Dari sektor skenario, Reply 1988 sangat cerdik dalam mempermaikan pentonton. Reply 1988 mencitpakan dualisme keyakinan tanpa satu diantaranya sebagai pihak yang salah--yang biasanya dipegang karakter antagonis. Alur maju mundur terjalin dengan tepat dan nyaman, membuat penonton tertarik untuk selalu memperhatikan hal-hal minor di dalam plot yang tidak langsung dijelaskan. Penonton dibuat untuk terkejut namun dalam keadaan siap. Selain itu, Reply 1988 juga berpegang pada satu benang besar yang membawa kejutan utama--seperti pada seri Reply sebelumnya--dalam hal menebak suami tokoh wanita utama. Teknik melepaskan untaian benang paling besar ini mirip dengan yang digunaan Edwin dalam 'Aruna dan Lidahnya' (2018). Penonton dipaksa untuk memegang dugaan atau hipotesis, namun dilimpahkan dengan banyak ragu-ragu sampai kepastian itu datang sendiri. Paling tidak itu yang saya tangkap. Durasi 1,5 jam di setiap episode sangat cukup bagi Reply 1988 untuk menciptakan banyak intrik, baik yang muncul dan selesai dalam episode yang sama, atau dibiarkan reda namun berlanjut di episode selanjutnya. Meskipun ada beberapa konsistensi kondisi yang melemah begitu terjadi ledakan--seperti No-Eul yang sudah tidak lagi sering menjemput ayahnya setelah kejadian besar di keluarga Doek-Soen, saya belum menemukan plothole dalam Reply 1988. Komedi semi-sureal yang dihadirkan juga masih dalam rentang logika yang bisa diterima. Sayangnya, film ini menuju akhir justru menguraikan terlalu banyak hal baru yang terasa mentah--mungkin karena tidak dibangun situasinya dari jauh-jauh episode. Bahkan beberapa hanya membesit dan memiliki penyelesaian dengan makna yang timpang dibanding kekuatan intrik ysng telah selesai sebelum-sebelumnya.
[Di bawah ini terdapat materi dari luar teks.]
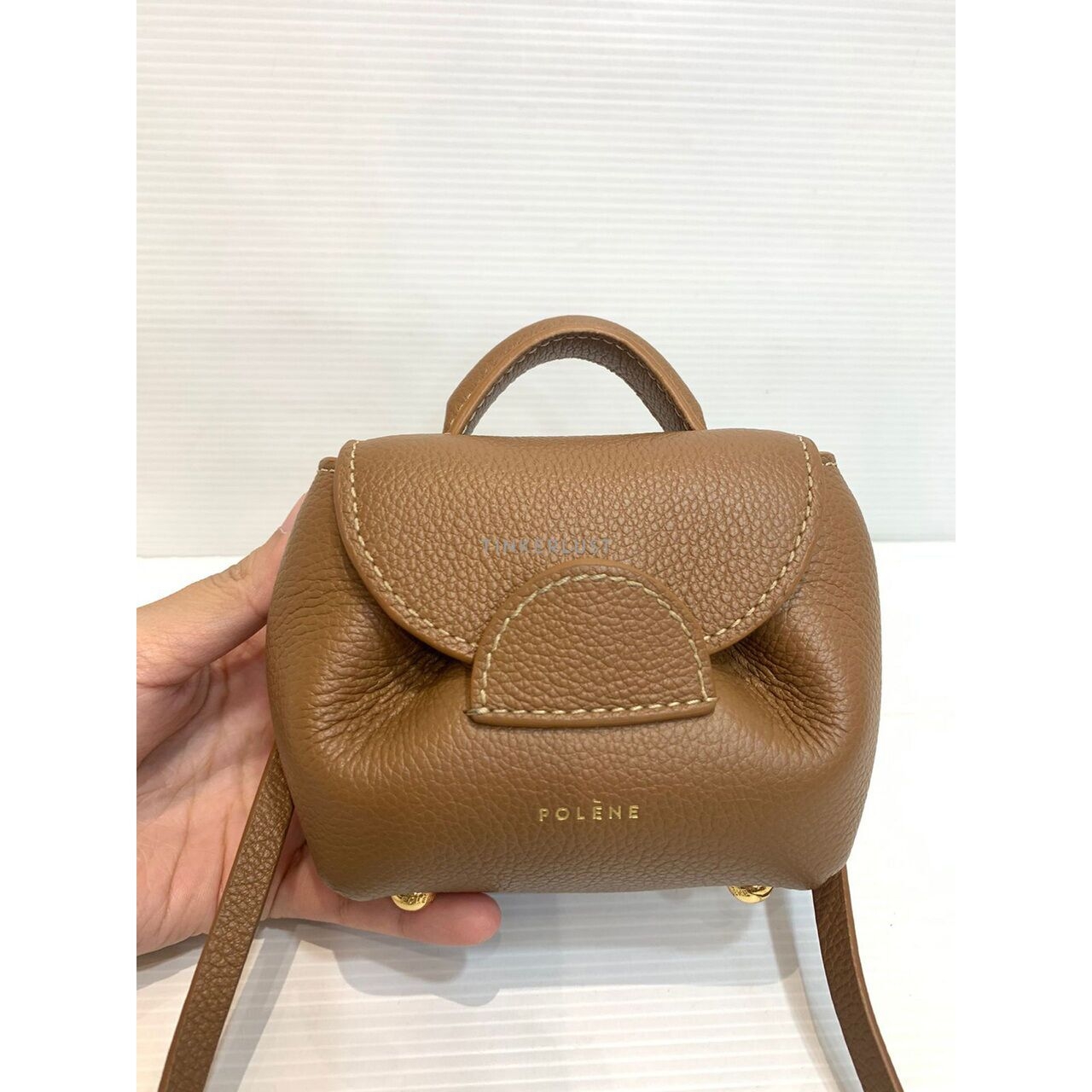 Polene Numero Micro Leather Caramel Satchel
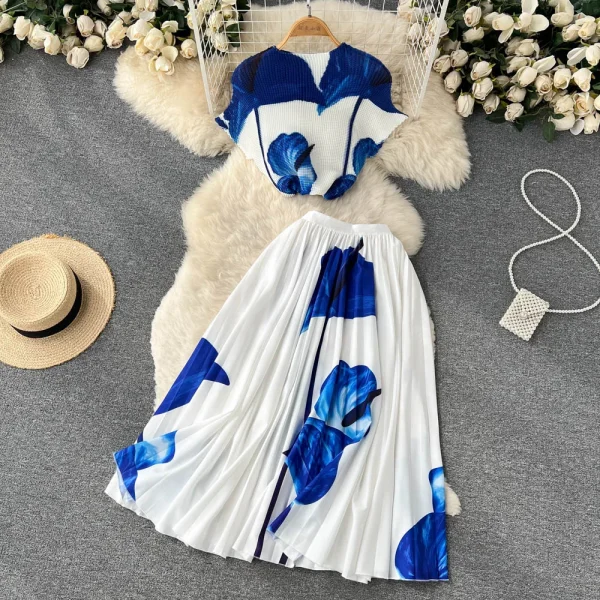 LE1297 Fast Delivery Boutique Women'S Pleated Casual Suit Long Pleated Skirts Print Shirt Short Sleeve Top - Image 4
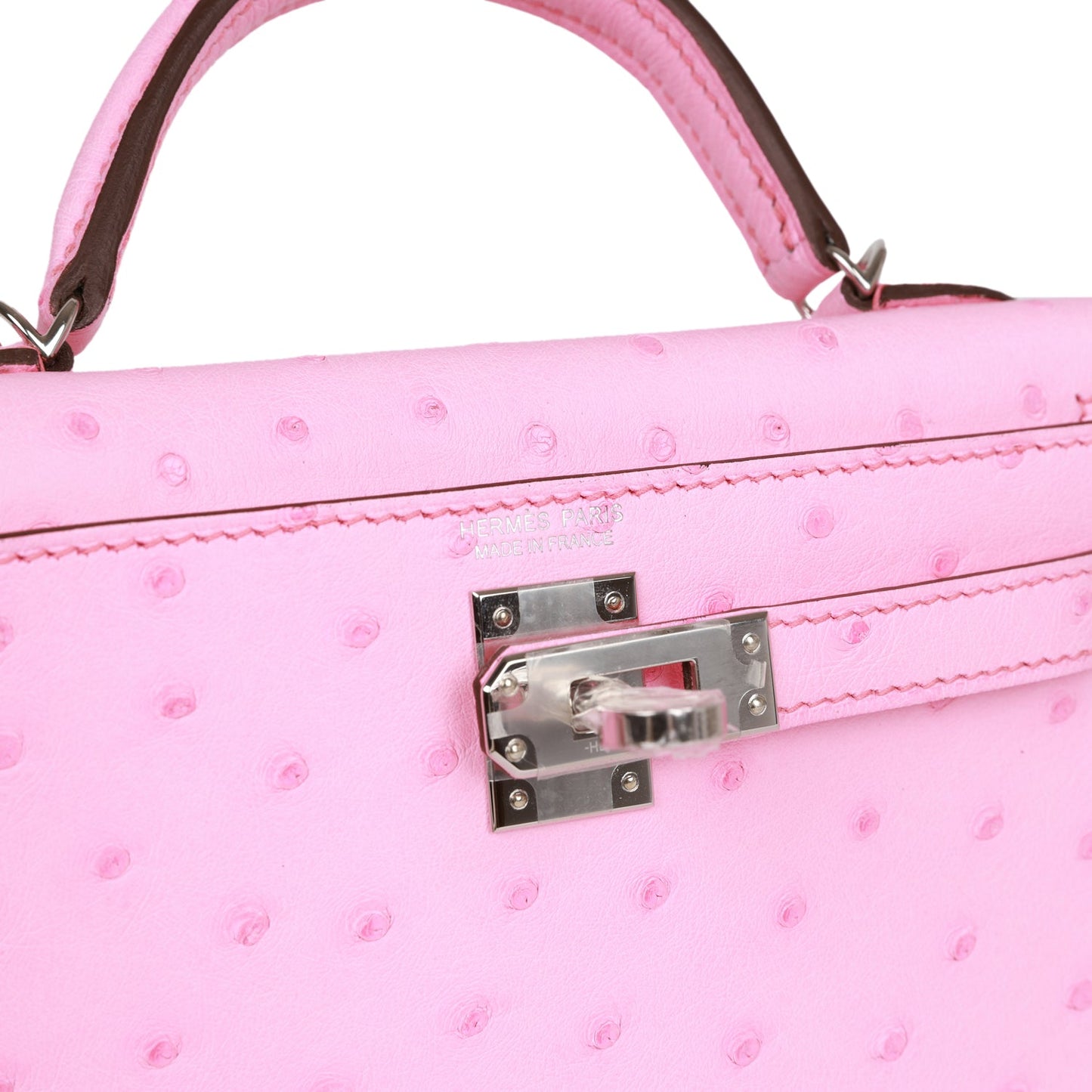 Luxury Hermes Kelly Sellier 20 Bubblegum Ostrich Palladium Hardware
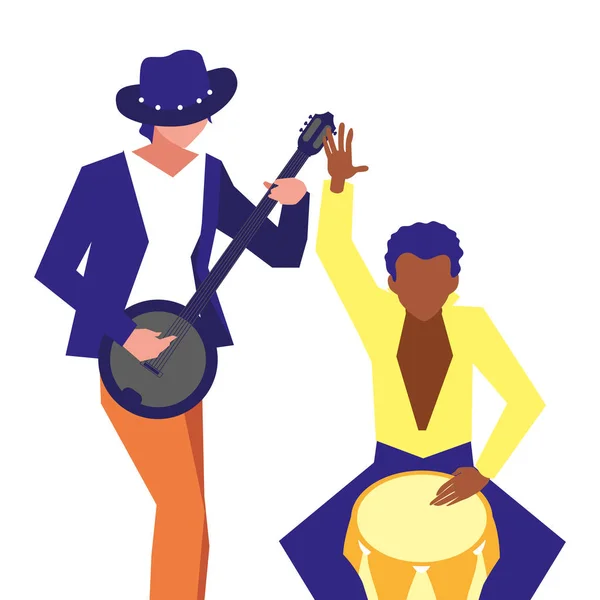 Two male musicians musical instruments — Stock Vector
Dalam barisan pemeran, Hyeri tampil cemerlang dan berhasil merengsek ke dalam memori penonton mengenai Doek-Sun, paling tidak sampai episode akhir. Ryu Jun-Yeol juga berhasil menciptakan karakter paling butuh yang menolak empati. Juga Lee Dong-Hwi yang tak kebagian porsi dalam benang merah utama, namun berhasil menjadi karakter terpercaya yang ketiadaannya akan membuat serial ini terasa ganjil. Begitu juga tokoh lainnya dan hampir semua pemeran pendukung yang punya poin penting. Dibanding film, serial punya waktu lebih banyak untuk mematenkan karakter, daripada film yang hanya sebatas satu sampai dua jam. Melalui Reply 1988, Ra Mi-Ran berhasil mendapat nominasi aktris terbaik dalam Beksang. Mi-Ran berhasil membawakan rentang gestur dan perasaan yang lebih beragam dibanding yang lain--selain Hyeri--dalam serial ini. Meskipun paling cakep tetep tante Il-Hwa hehee. Di luar itu semua, ensambel pemeran dalam Reply 1988 gila-gilaan. Tak ada yang rasanya hadir dipaksakan, atau sia-sia, atau terlalu mendominasi, atau kekurangan porsi, atau lainnya. Shin Won-Ho sepertinya memang gemar dan telah menjadi piawai bermain ensambel dengan jumlah lingkaran pemeran utama yang ramai. 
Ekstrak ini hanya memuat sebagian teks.